如果您看到文件中的“错位”字符,则需要确保用于查看文件的任何内容都了解该文件是 UTF-8 编码的。
The files created by this code:
此代码创建的文件:
import codecs
for enc in "utf-8 utf-8-sig".split():
with codecs.open(enc + ".txt", mode = 'w', encoding = enc) as corpusFile:
tagged_token = '\xdcml\xe4ut'
tagged_token = tagged_token.decode('cp1252') # not 'ISO-8859-1'
corpusFile.write(tagged_token) # write unicode objects
corpusFile.write(u'\n')
are identified thusly:
是这样确定的:
Notepad++ (version 5.7 (UNICODE)) : UTF-8 without BOM, UTF-8
Firefox (7.0.1): Western(ISO-8859-1), Unicode (UTF-8)
Notepad (Windows 7): UTF-8, UTF-8
Notepad++ (version 5.7 (UNICODE)) : UTF-8 without BOM, UTF-8
Firefox (7.0.1): Western(ISO-8859-1), Unicode (UTF-8)

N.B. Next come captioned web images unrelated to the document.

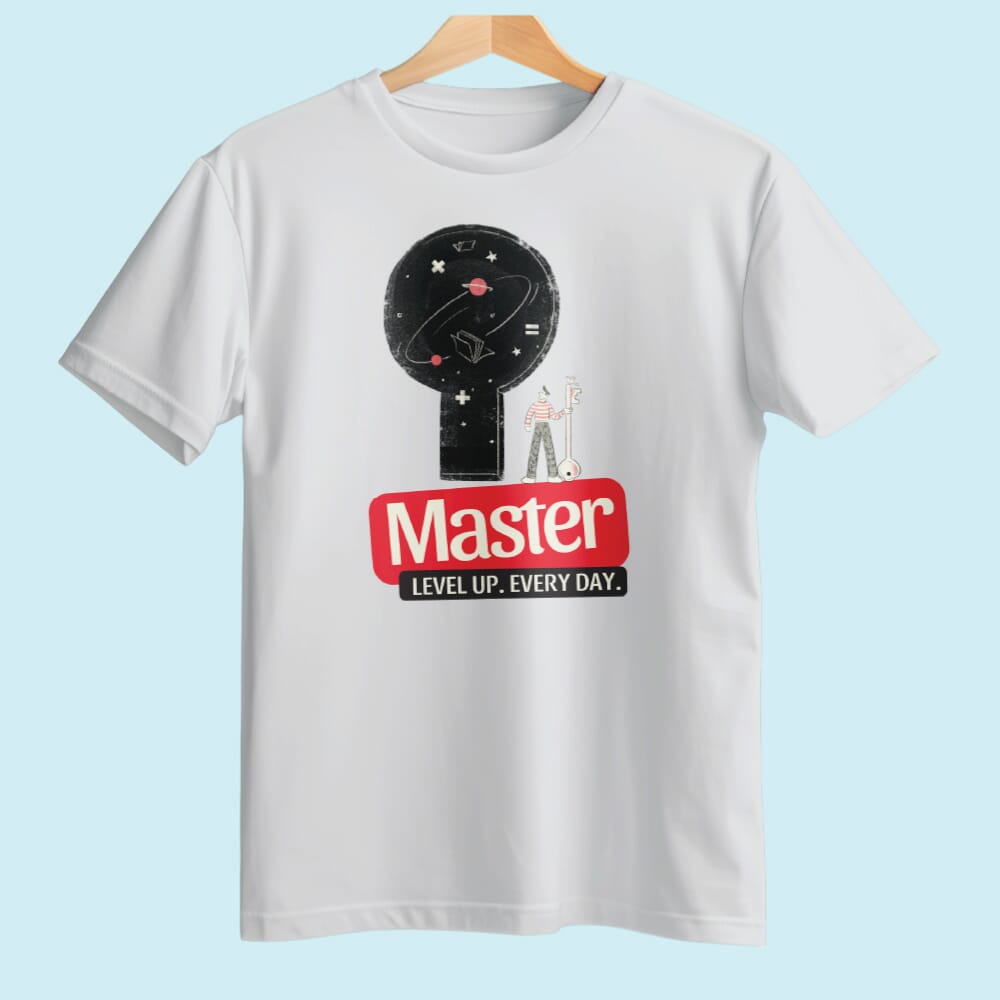 Master GB Pima Round Neck T-Shirt White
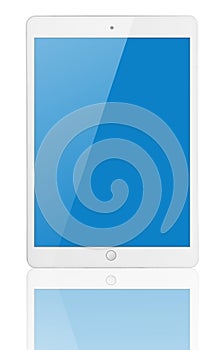 Tablet computer with blue screen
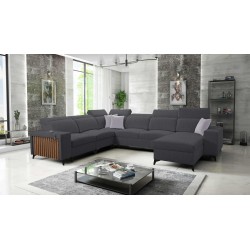 Moderner Ecksofa U Alto VIII mit Lamellen - Geflecht, Sawana 96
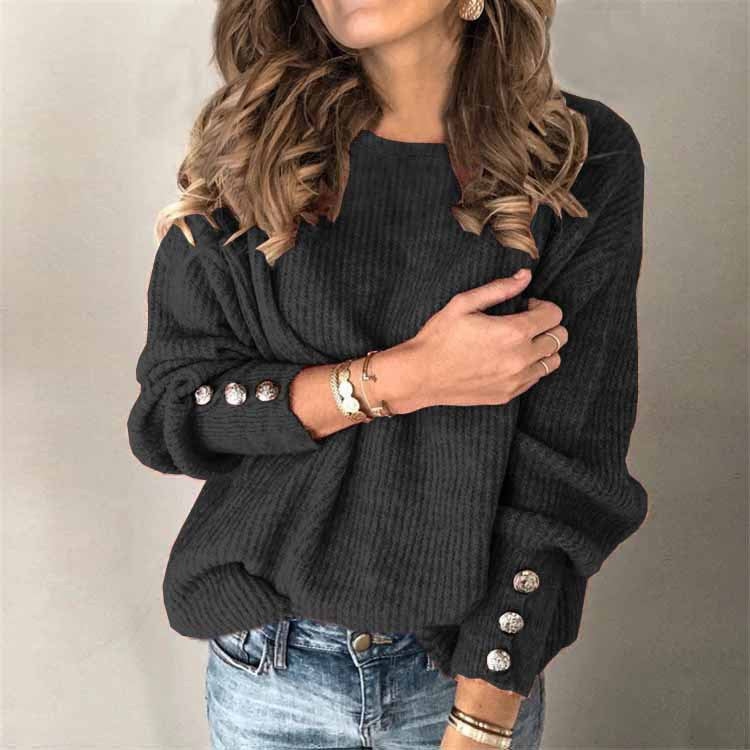 Knit Sweater – Losvallende Trui van Zachte Katoenmix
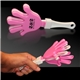 aerial view a pink/white/pink pink white hand clappers, image 1 of 3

Notepad (Windows 7): UTF-8, UTF-8
Putting a BOM in your UTF-8 file, while deprecated on Unix systems, gives you a much better chance on Windows that other software will be able to recognise your file as UTF-8-encoded.
将 BOM 放入您的 UTF-8 文件中,虽然在 Unix 系统上已弃用,但在 Windows 上为您提供了更好的机会,其他软件将能够将您的文件识别为 UTF-8 编码。